私の彼氏も一緒だけど大丈夫?という一文が…。
「ちょっと! 私のスマホ、覗き見したでしょ!?」
「随分と巧妙な手口を使うんだな」
数日前知り合ったばかりの知人…というのが本当の所なのだが…。
「しょうがないでしょ! あんたがいないと私が大変なんだから!」
「あのな…さっきから思ってたけど、シナリオが理由じゃないだろ?」
「ギクッ」
「図星か…。
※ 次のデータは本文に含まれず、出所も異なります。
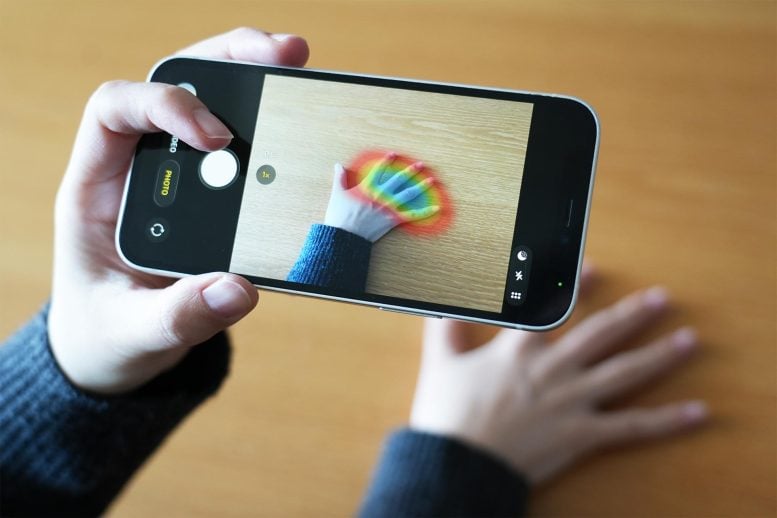 AI Hand Image Diagnose Acromegaly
ほら、正直に言え、なんでそこまで俺に来て欲しいんだ?」
まさか俺と一緒にいたいから?
なんて、一瞬でも考えてしまった自分を殴りたい。
「…………姪っ子が可愛すぎて…」
姫花は申し訳なさそうに、顔を下に俯かせた。
「だから? どうしたんだよ?」
「二人っきりだと…その……」
やたら歯切れの悪い返事を繰り返す姫花。
「もうはっきりと言えよ。何言われても別に俺は何とも思わないから」
「う、うん…」
そう言って、俺の顔を真っ直ぐな瞳で見てくる。
「襲っちゃいそうだから!!」
「…………」
「毎回、毎回、来るたびに可愛いすぎて、私何とかして平常心を保ってるんだけど、本当にやばいの!?」
「そういうことかよ!?」
姫花の従姉妹さん……。
多分、彼女より自分の方が安全だと思います。
もっと言うと、一人でお家にお留守番させてる方が安全だと思います。